# Tire Brands vs Range



## francoisp (Sep 28, 2018)

I'm looking at replacing the tires on my model Y with the Michelin Crossclimate2. They look like really good tires however I read somewhere that I may expect a 10% decrease in range. When I enter a destination, will the car eventually learn to adjust its estimated consumption and correctly calculate the charging times?


----------



## FRC (Aug 4, 2018)

francoisp said:


> I'm looking at replacing the tires on my model Y with the Michelin Crossclimate2. They look like really good tires however I read somewhere that I may expect a 10% decrease in range. When I enter a destination, will the car eventually learn to adjust its estimated consumption and correctly calculate the charging times?

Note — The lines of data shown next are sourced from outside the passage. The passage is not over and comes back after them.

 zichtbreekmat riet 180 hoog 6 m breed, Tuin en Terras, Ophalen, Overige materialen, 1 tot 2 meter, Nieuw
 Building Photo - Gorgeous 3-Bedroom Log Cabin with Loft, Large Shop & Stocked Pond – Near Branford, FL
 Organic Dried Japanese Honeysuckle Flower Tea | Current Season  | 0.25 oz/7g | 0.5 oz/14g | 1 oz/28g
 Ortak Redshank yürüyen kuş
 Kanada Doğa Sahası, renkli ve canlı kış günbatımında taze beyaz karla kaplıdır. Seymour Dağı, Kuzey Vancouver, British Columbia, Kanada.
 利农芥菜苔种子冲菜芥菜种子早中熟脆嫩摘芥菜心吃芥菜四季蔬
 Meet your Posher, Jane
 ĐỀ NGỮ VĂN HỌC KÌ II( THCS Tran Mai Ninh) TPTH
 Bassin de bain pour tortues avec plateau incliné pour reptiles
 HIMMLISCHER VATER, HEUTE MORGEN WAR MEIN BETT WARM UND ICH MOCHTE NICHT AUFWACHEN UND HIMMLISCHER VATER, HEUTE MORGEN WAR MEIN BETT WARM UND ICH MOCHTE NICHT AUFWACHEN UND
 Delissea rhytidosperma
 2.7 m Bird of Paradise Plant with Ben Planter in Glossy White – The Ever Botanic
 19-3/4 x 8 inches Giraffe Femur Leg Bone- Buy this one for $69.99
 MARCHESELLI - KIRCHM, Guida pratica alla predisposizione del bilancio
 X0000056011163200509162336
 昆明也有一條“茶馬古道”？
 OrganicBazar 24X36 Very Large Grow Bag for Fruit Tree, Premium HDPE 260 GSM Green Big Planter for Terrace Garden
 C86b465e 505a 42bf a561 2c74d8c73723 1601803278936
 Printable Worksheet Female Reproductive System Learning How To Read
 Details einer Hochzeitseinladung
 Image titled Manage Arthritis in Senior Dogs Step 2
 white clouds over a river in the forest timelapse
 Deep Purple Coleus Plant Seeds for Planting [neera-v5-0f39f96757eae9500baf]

From experience, I have come to believe (rightly or wrongly) that the car takes experience into account during your current trip. That is to say, if I'm navigating from Atlanta to Seattle, the car will take my first leg into account in estimating my second leg. I don't think it cares about your first leg in figuring your third leg. I don't believe that the car will take the consumption hit from inefficient tires into account unless it sees that hit from your previous leg. I'd be interested to know...Does my car use my average wh/m in it's estimations while your car uses your's? IDK.


----------



## francoisp (Sep 28, 2018)

The "service" menu has a wheel configuration (3 different sizes) and after planning the same route for each size it appears that the car includes the wheel size in its estimation of the remaining charges at each stop and the amount of charging time required to reach the following stop. That makes sense to me. If the car doesn't learn from past trips, maybe I will simply change the wheel size to a less efficient one, assuming this has no impact on other systems.


----------